Machine Learning: WinML/DirectML, CoreML & all things ML

tuna · Aug 29, 2024

pcchen said:
Anway, this seems to me that Jen-Sun Huang's "every pixel could be AI generated in 10 years" comment is no longer a pipe dream.

It still is.

pcchen · Aug 30, 2024

tuna said:
It still is.

Technically it's already demonstrated. Every pixel in that video was AI generated, thus it's been done.

raytracingfan · Jan 9, 2025

DavidGraham said:
New faster material rendering using Neural Rendering.

NVIDIA Showcases Real-Time Neural Materials Models, Offering Up To 24x Shading Speedup

NVIDIA unveils a new real-time neural materials models approach, offering a huge 12-24x speed in shading performance vs traditional methods.

wccftech.com

This will be released as RTX Neural Materials.

NVIDIA RTX Neural Rendering Introduces Next Era of AI-Powered Graphics Innovation | NVIDIA Technical Blog

NVIDIA today unveiled next-generation hardware for gamers, creators, and developers—the GeForce RTX 50 Series desktop and laptop GPUs.
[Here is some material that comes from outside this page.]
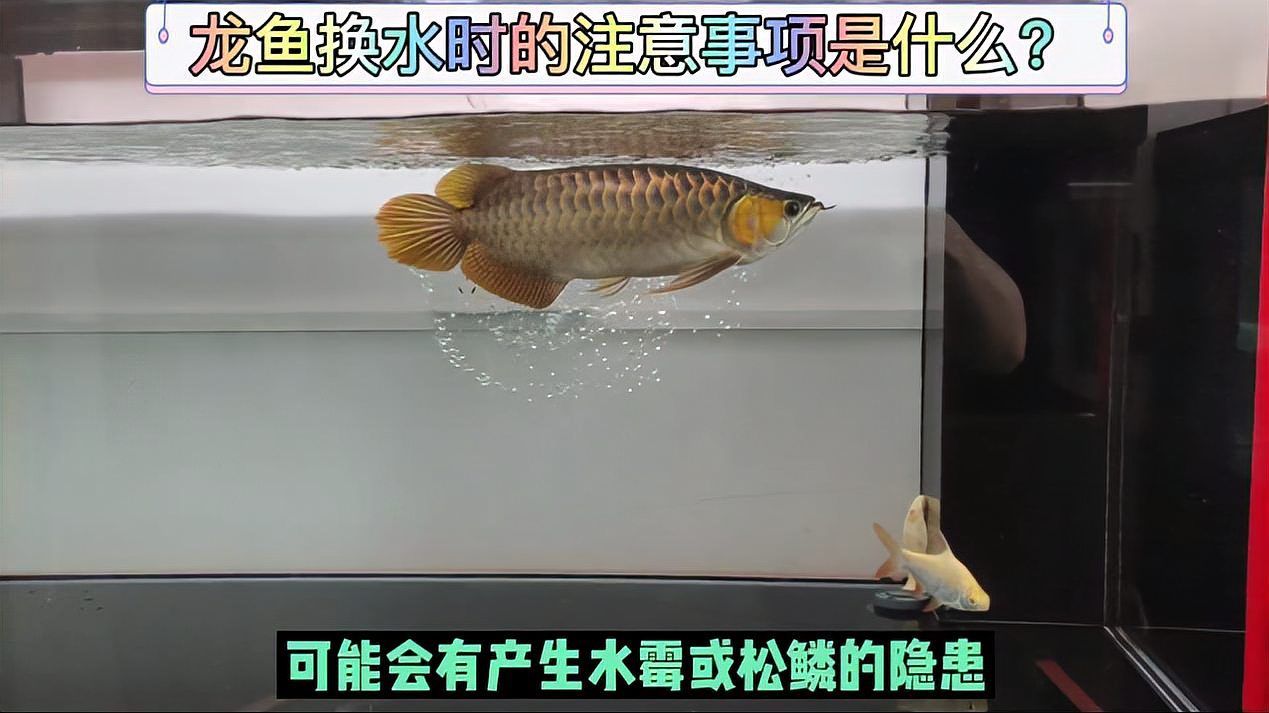 龍魚多久換一次水，2026年金龍魚批發(fā)價(jià)格波動(dòng)對(duì)消費(fèi)者有何影響 龍魚多久換一次水，2026年金龍魚批發(fā)價(jià)格波動(dòng)對(duì)消費(fèi)者有何影響 龍魚百科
Alongside these GPUs, NVIDIA introduced NVIDIA RTX Kit…

developer.nvidia.com

This is even more interesting than DLSS 4 in my opinion because it makes neural rendering a core, integral part of the graphics pipeline, not something applied at the end like DLSS.

MfA · Jan 9, 2025

In a way it might be better to apply it at the end. Having golden samples which must be displayed makes things hard for AI, it's a direct cause of instability.

Maybe it's time for deferred hallucination. Have a subsampled G-buffer as a mere suggestion to the neural renderer, then let the Deep Learning Hallucinating Renderer make something up (for framegen there would also be frame time and view matrix and the G-buffer might be no-sampled).

PS. not being sarcastic.

Dictator · Jan 13, 2025

Perhaps this should be another thread, but with "Cooperative Vectors" API coming to Direct X, devs can now access tensor cores for normal shading/compute shaders and thus leverage quick ML performance for games.
Enabling Neural Rendering in DirectX: Cooperative Vector Support Coming Soon

What are Cooperative Vectors, and why do they matter?
Cooperative vector support will accelerate AI workloads for real-time rendering, which directly improves the performance of neural rendering techniques. It will do so by enabling multiplication of matrices with arbitrarily sized vectors, which optimize the matrix-vector operations that are required in large quantities for AI training, fine-tuning, and inferencing. Cooperative vectors also enable AI tasks to run in different shader stages, which means a small neural network can run in a pixel shader without consuming the entire GPU. Cooperative vectors will enable developers to seamlessly integrate neural graphics techniques into DirectX applications and light up access to AI-accelerator hardware across multiple platforms. Our aim is to provide game developers with the cutting-edge tools they need to create the next generation of immersive experiences.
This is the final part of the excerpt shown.